Il veicolo politico viene però meno, specialmente negli ultimi anni, poiché la partecipazione politica viene disincentivata a tutti i livelli: attraverso qualsiasi istituzione, soprattutto educativa. Tutto è impermeabilizzato ed il calcio viene dunque ad avere unicamente un mero scopo di guadagno.

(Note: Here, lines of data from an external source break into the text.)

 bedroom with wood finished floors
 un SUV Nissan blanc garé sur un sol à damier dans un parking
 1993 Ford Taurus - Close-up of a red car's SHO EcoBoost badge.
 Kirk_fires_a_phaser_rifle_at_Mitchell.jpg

Il multimiliardario mercato con gli occhi a mandorla non ha alcun limite di spesa arrivando a spendere 80 milioni di ingaggio in due anni per un giocatore ormai a fine carriera. Così i club non conoscono la parola ‘passivo’, forti anche della presenza del governo centrale a guidare dall’alto i lavori della Chinese Super League. Così i cinesi hanno potuto laddove gli sceicchi hanno fallito. Perché investendo in Europa, Paris Saint-Germain e Manchester City, ad esempio, hanno dovuto far fronte con i paletti del FairPlay Finanziario.

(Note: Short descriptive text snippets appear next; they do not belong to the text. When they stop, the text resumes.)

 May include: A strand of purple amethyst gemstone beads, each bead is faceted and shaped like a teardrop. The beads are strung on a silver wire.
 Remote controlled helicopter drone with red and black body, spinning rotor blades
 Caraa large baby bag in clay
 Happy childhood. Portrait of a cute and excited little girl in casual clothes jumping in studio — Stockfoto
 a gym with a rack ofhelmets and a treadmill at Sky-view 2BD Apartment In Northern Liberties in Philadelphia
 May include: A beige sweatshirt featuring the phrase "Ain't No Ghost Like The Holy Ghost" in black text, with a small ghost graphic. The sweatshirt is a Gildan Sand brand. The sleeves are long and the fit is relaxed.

La Cina, no. Per questo le sconfinate disponibilità del mercato cinese permette ingaggi fuori mercato, concorrenza che definire sleale sarebbe marchiare con termini impropri ma certamente che beneficia di non-limitazioni alle quali è costretto il nostro mercato.

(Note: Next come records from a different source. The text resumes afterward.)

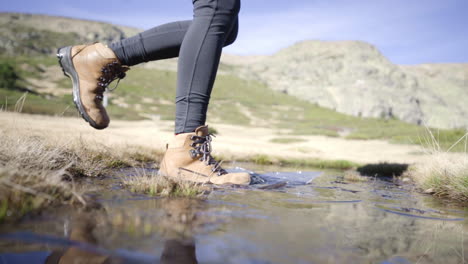 madrid penalara park españa, cámara lenta de trekker usando zapatos impermeables cruzando el lecho del río en un sendero de aventura de montaña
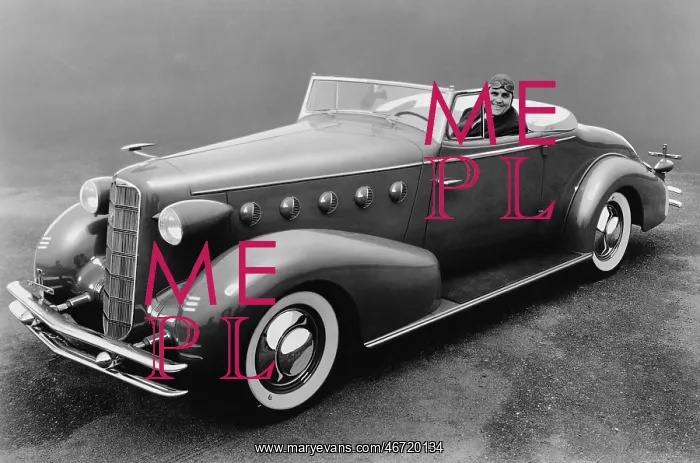 : Portrait of man in antique car : Portrait of man in antique car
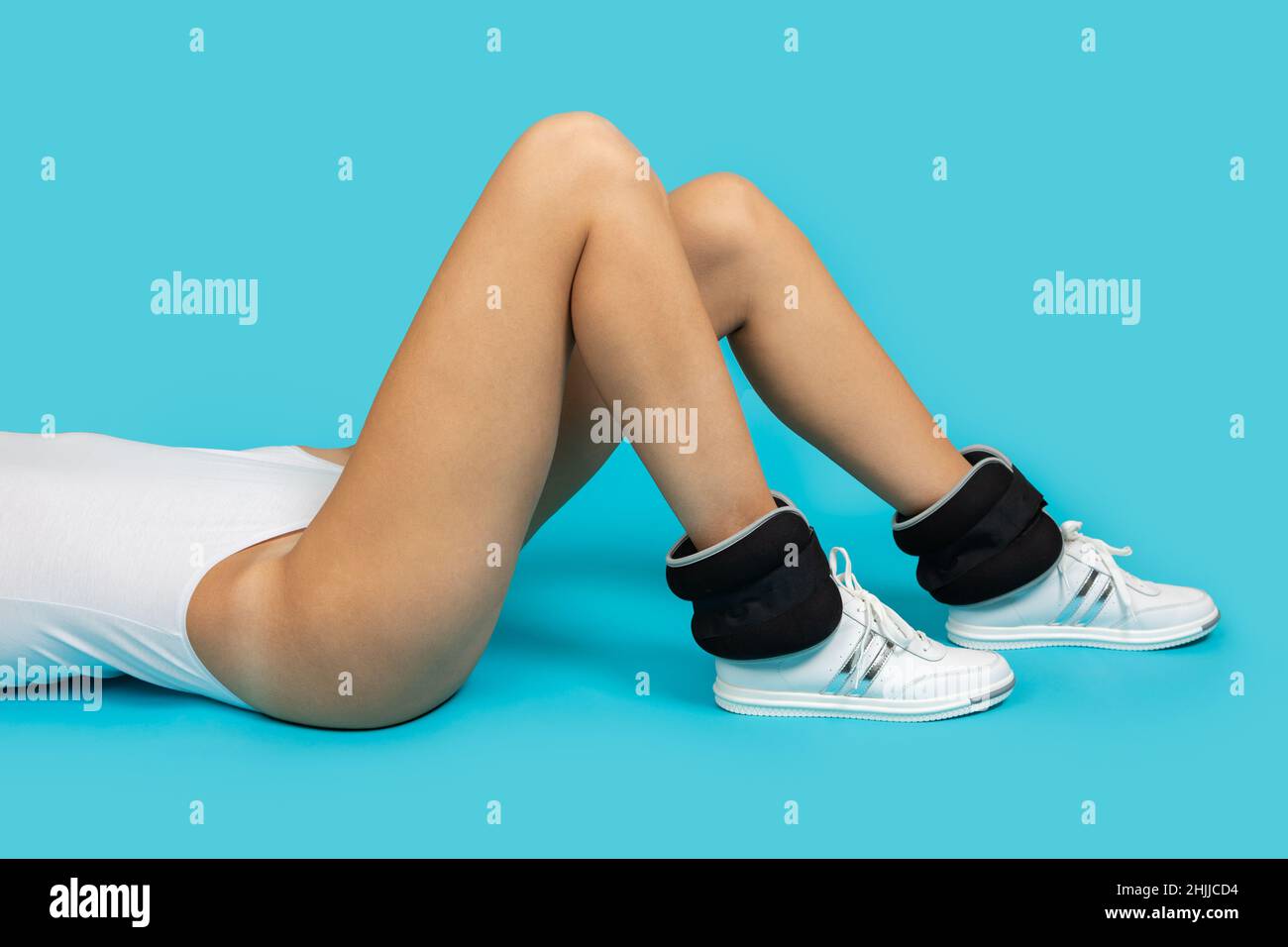 Adatta la giovane donna con le gambe lunghe indossando il bodysuit e le sneakers con pesi alla caviglia su sfondo blu facendo esercizi fisici. Stile di vita sano Foto Stock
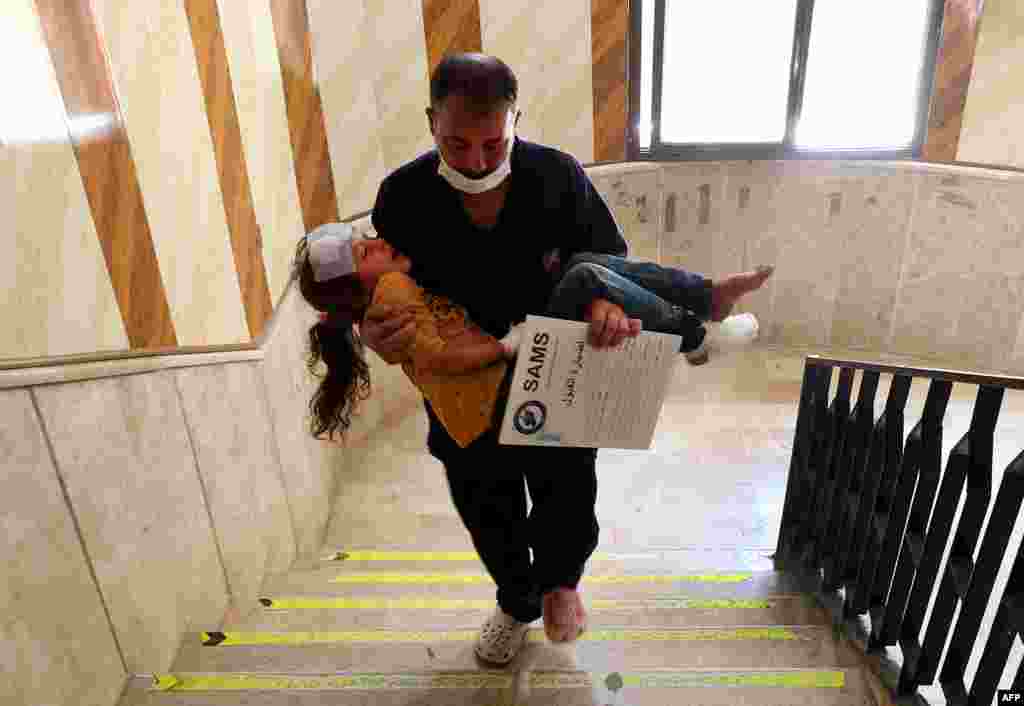 A man carries a girl that was injured during aerial bombardment at a make-shift camp for displaced Syrians, in a hospital in the Atby town of Maaret Misrin in the north of Syria's rebel-held Idlib province.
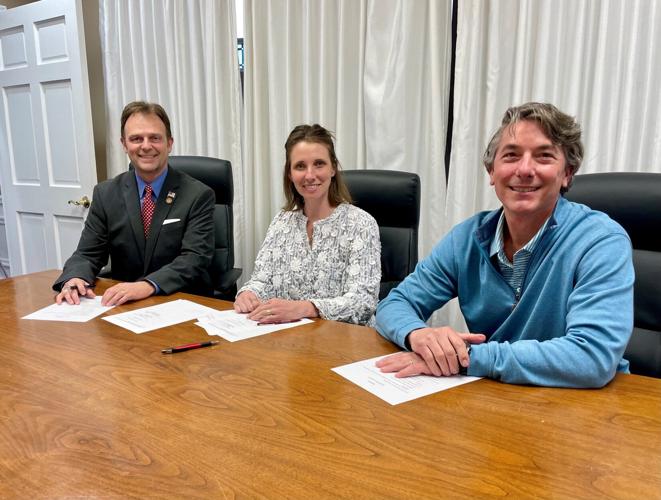 Madison Mayor Bob Courtney, SuperATV President Lindsay Hunt, and Redevelopment Commission President John Grote
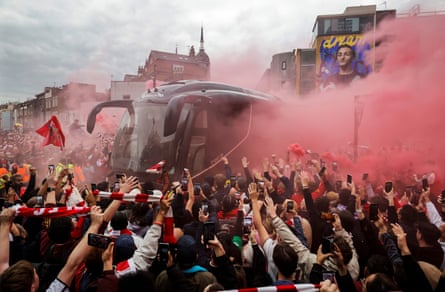 Arsenal fans greet the team bus with flares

E’ un mercato drogato da valutazioni fuori dall’ordinario, che porta di fatto due conseguenze. La prima è il sovrapprezzo anche degli altri giocatori. Il lato positivo della medaglia, l’unico, è che i club italiani (ma, più in generale, del Vecchio Continente), sono e saranno costretti a puntare sempre di più sul settore giovanile e a piazzare meno colpi e più mirati in giro per il globo.
Essendo i calciatori addirittura di proprietà di società di investimento, esistono delle aziende pagate appositamente per attribuirne il valore: ogni cosa è stata mercificata, compresa la prestazione del calciatore. Siamo arrivati ad una situazione che vien considerata endemica in cui una dozzina di società falliscono ogni anno investendo più dei propri ricavi: ma i grandi club in qualche modo vengono sempre salvati. Dati alla mano, le persone non solo vanno meno allo stadio (gli incassi incidono solo per il 15% sul bilancio generale), ma guardano anche meno le partite in televisione. Come sostiene Accame, si andrà quindi verso una crisi generalizzata a cui porranno rimedio inventandosi il campionato europeo: un campionato di selezione che raccolga la crème de la crème, facendo sì che ad esempio l’Hellas Verona (con tutto il rispetto per l’Hellas) non potrà più giocare con la Juventus, essendo televisivamente poco appetibile. E quindi a cosa si giungerà? Si creerà uno iato ancora maggiore tra il calcio dilettantistico, o professionistico di basso livello, e una sorta di supercalcio.
Ah, nel frattempo, mentre leggevate questo pezzo, Carlos Tevez ha guadagnato circa 500 euro.